Refactor read_ldata to drop ChannelId from its public API, add
per-detector slicing on event tiers (:jlevt, :jlskm, :jlpmt),
and introduce a cross-tier filter via the filtertier kwarg.
LegendHDF5IO extension docs are updated to match.

Changes

  1. DetectorId throughout. read_ldata accepts DetectorIdLike only.
    Channel helpers (_get_channelid, _get_detectorid,
    _is_valid_id_or_tier) and the channel-consistency check in the
    partition method are removed.
  2. Tier classification. _evt_tiers = [:jlevt, :jlskm, :jlpmt] and
    _perdet_tiers = [:jlpeaks, :jlhit, :jlpls] drive dispatch. raw and
    jldsp use _resolve_perdet_path, which tries tier/<det> (current),
    <det>/tier (legacy), and tier (struct-view) in order.
  3. Per-detector event-tier slicing. With a detector,
    read_ldata(_, l200, (:jlevt, fk, det)) returns a flat-prefixed Table
    (geds_e_cusp_ctc_cal, geds_trig_e_cusp_ctc_cal,
    aux_pulser_aux_trig, ged_spm_is_valid_lar, …). The name-map is
    built dynamically by walking the HDF5 group; per-trigger and
    per-det-list VoVs are distinguished by their inner-length signature
    and unwrapped at the detector's per-event slot.
  4. Cross-tier filter. A new filtertier kwarg lets a per-detector
    raw/jldsp read be filtered by an event-tier predicate (slicing via
    the per-det *_dataidx column, 1-based for raw and jldsp) or by a
    sibling per-trigger-tier predicate (1:1 row alignment per detector).
    Works for phy and cal.
  5. Sub-group descent. subgroup=:dataQC for
    tier/<det>/group-style layouts (e.g. jlhit).
  6. Missing-tolerant filter. Rows where filterby returns missing
    are dropped (same semantics as false).

What now works

# Per-detector event-tier read with a trigger-energy cut
read_ldata(@pf((; $geds_e_cusp_ctc_cal, $geds_t50)), l200, (:jlevt, fk, det);
           filterby = @pf $geds_is_valid_qc && $geds_trig_e_cusp_ctc_cal > 1500u"keV")

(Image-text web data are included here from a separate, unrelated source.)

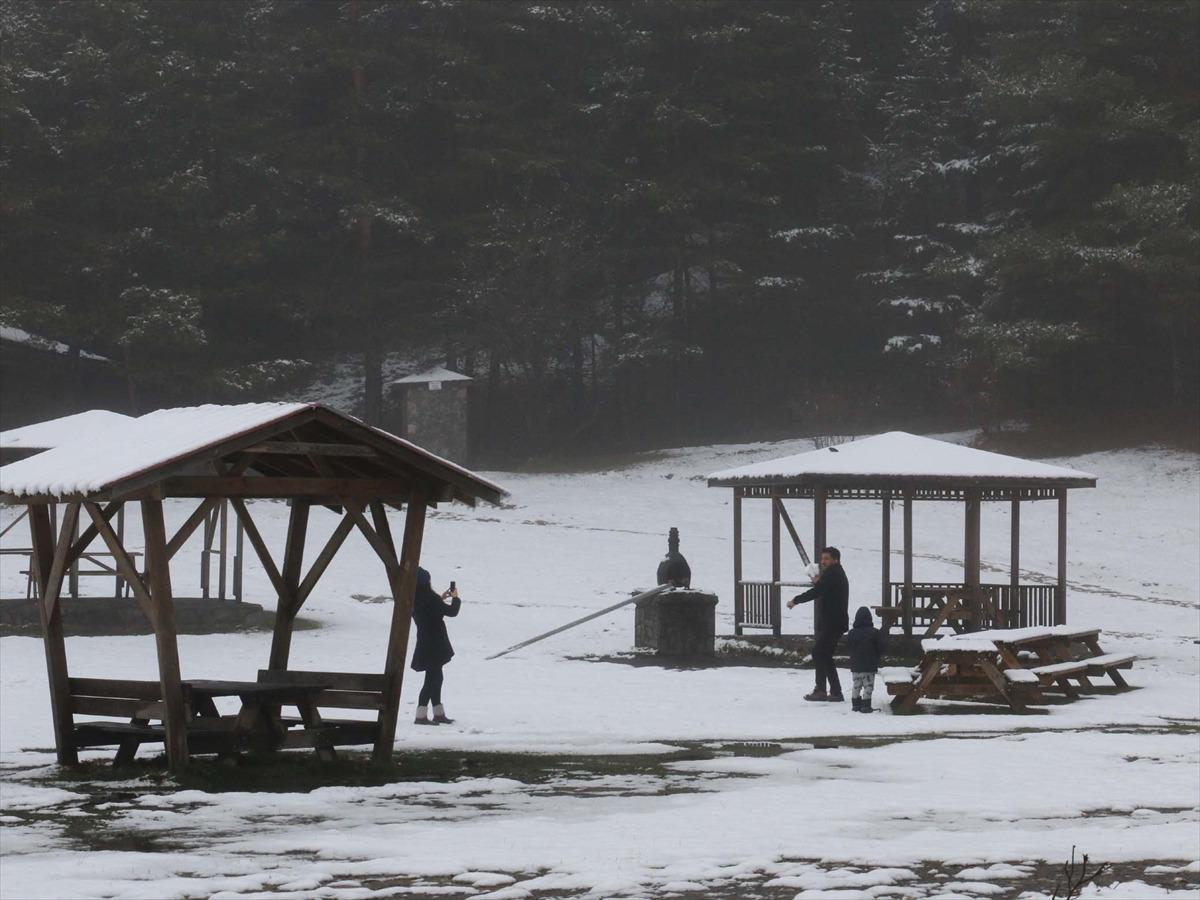 Kar Abant'ı beyaza b&uuml;r&uuml;d&uuml;
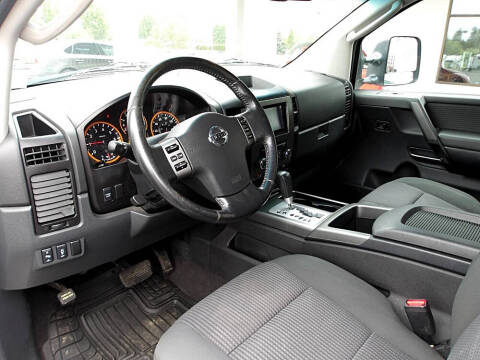 2011 Nissan Titan SV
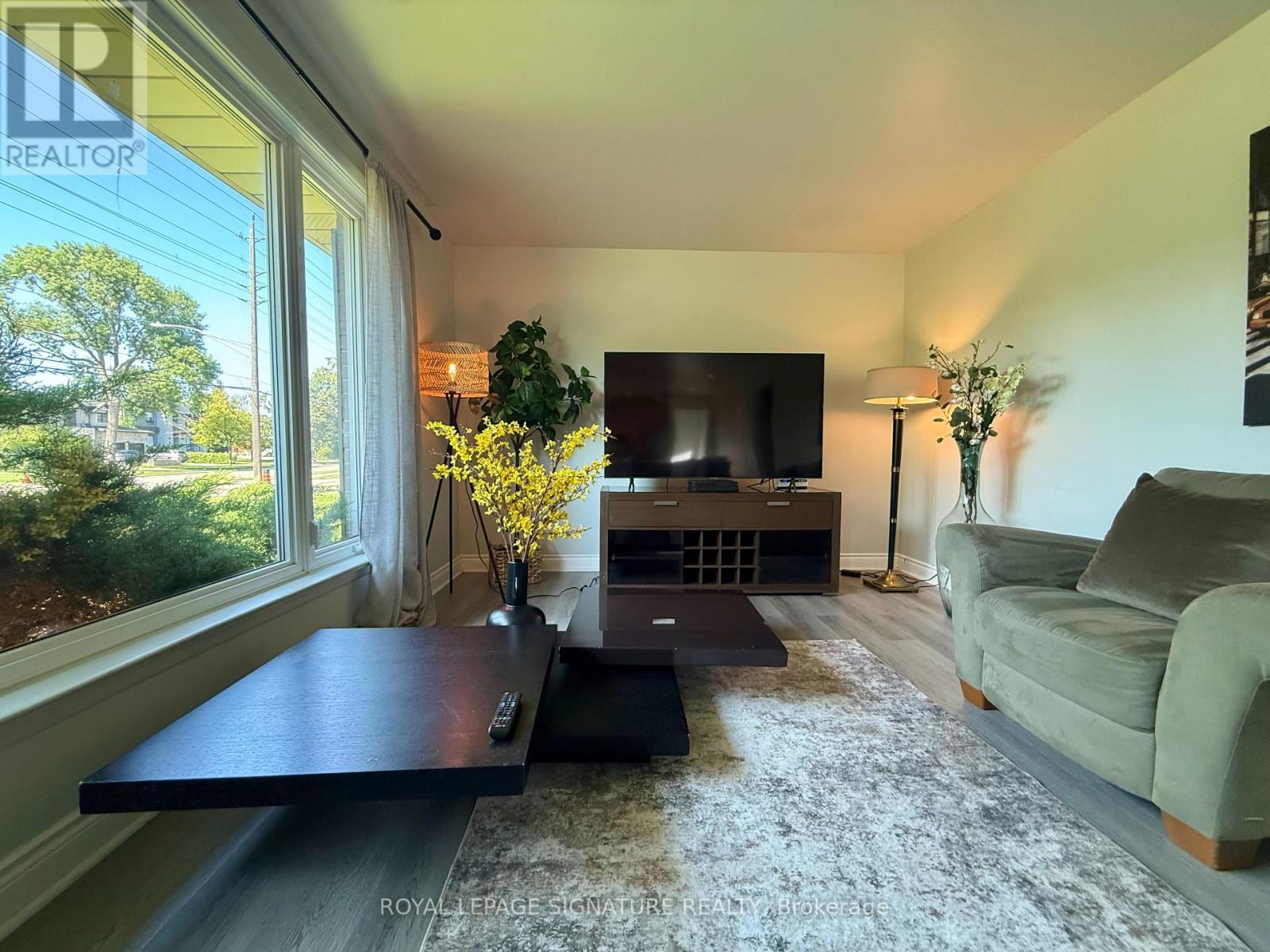 1350 Rebecca Street, Oakville, Ontario  L6L 1Z4 - Photo 19 - W13671254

# Cross-subgroup QC filter (geds + ged_spm + !aux_muonveto + !aux_pulser)
read_ldata((:geds_e_cusp_ctc_cal,), l200, (:jlevt, fk, det);
           filterby = @pf $geds_is_valid_qc && $ged_spm_is_valid_lar &&
                          !$aux_muonveto_aux_trig && !$aux_pulser_aux_trig)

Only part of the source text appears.